Al final, Shirazu tiene que darle crédito a las palabras que hacen eco en su cabeza. Los hijos cometen los errores de sus padres. ¡La puta verdad del universo, señores! ¿Qué por qué? Ahí está él, ahogado de deudas parentales, ahogado en problemas, ahogado en mierda, desempleado, teniendo que cuidar de su hermanita enferma, eligiendo pasarse la noche con una puta en lugar de andar buscando trabajo. Eligiendo gastar el poco dinero que le queda en un placer vacío en lugar de guardarlo para emergencias. El viejo cabrón de su padre estaría tan orgulloso de él que seguro se echaría a llorar.
«Quizá hasta vaya más allá en el concepto y me suicide, sólo para estar seguros de que soy digno hijo de mi padre».
—De acuerdo —accede.
¿Para qué ir en contra de la puta verdad del universo?

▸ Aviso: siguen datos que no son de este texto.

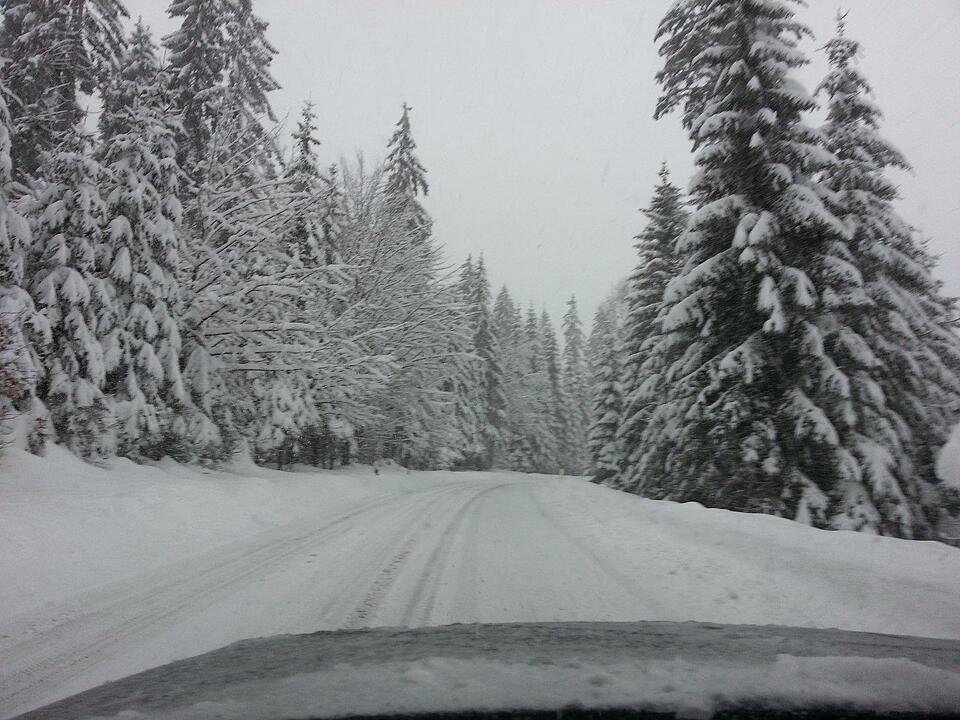 Schnee und Eis - Die schönsten Aufnahmen aus Franken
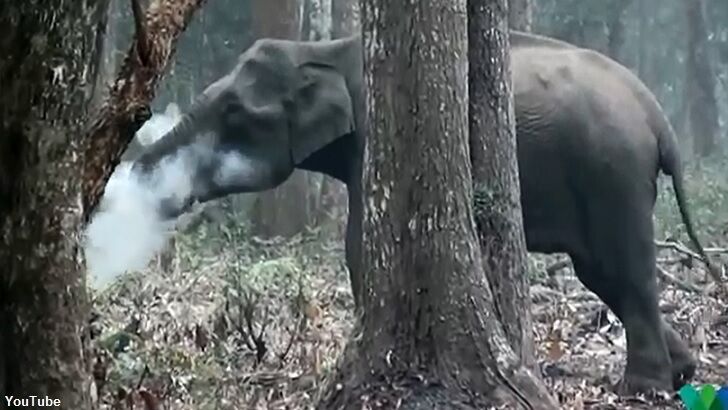 'Smoking' Elephant Spotted in India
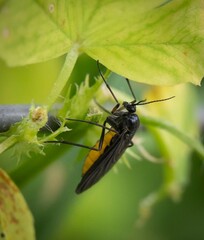 a macro photography of a insect on a plant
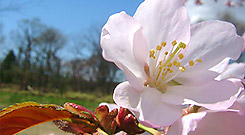 Lake Toya in spring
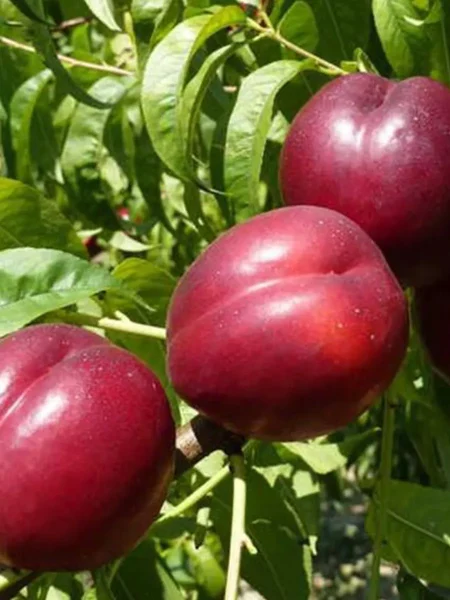 nektarin-big-top-1-223972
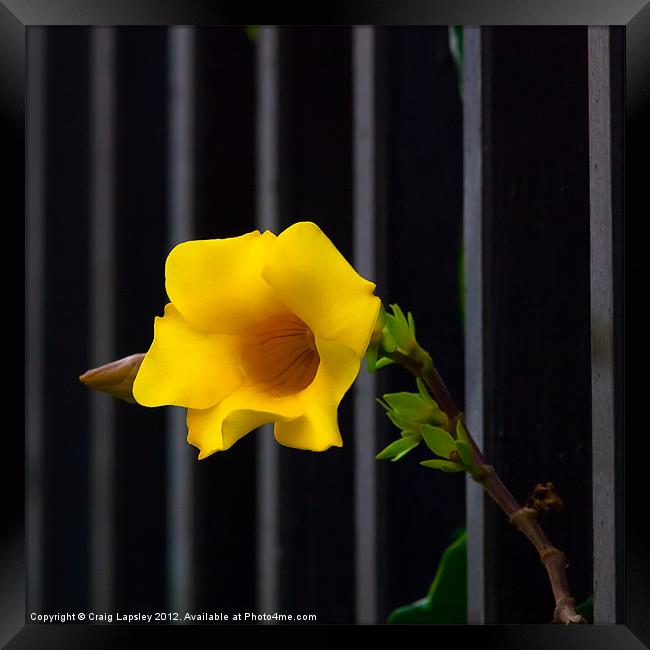 yellow flower escapes Framed Print by Craig Lapsley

Todo empieza así, creyendo que uno va a vencer sobre las fuerzas naturales que dominan el mundo. Se empieza creyendo que uno es Batman o Súperman, que es capaz de levantar autos con un solo brazo y patearle el culo a los malos. Que será capaz de levantar a su hermanita enferma en los brazos y curarla con sólo el poder de la mente, que será capaz de patearle el culo a los jefes abusivos que te pagan míseras y así no sólo conseguir que no te despidan sino que te aumenten y te paguen justamente. Parece una locura, pero no lo es, uno tarda, taaaarda en darse cuenta que no es Batman o Súperman, ni siquiera es Robin. Que Batman estaba hundido en dinero, que Súperman cayó de un asteroide y vino de otro planeta.
Que son sólo fantasías creadas para ganar dinero.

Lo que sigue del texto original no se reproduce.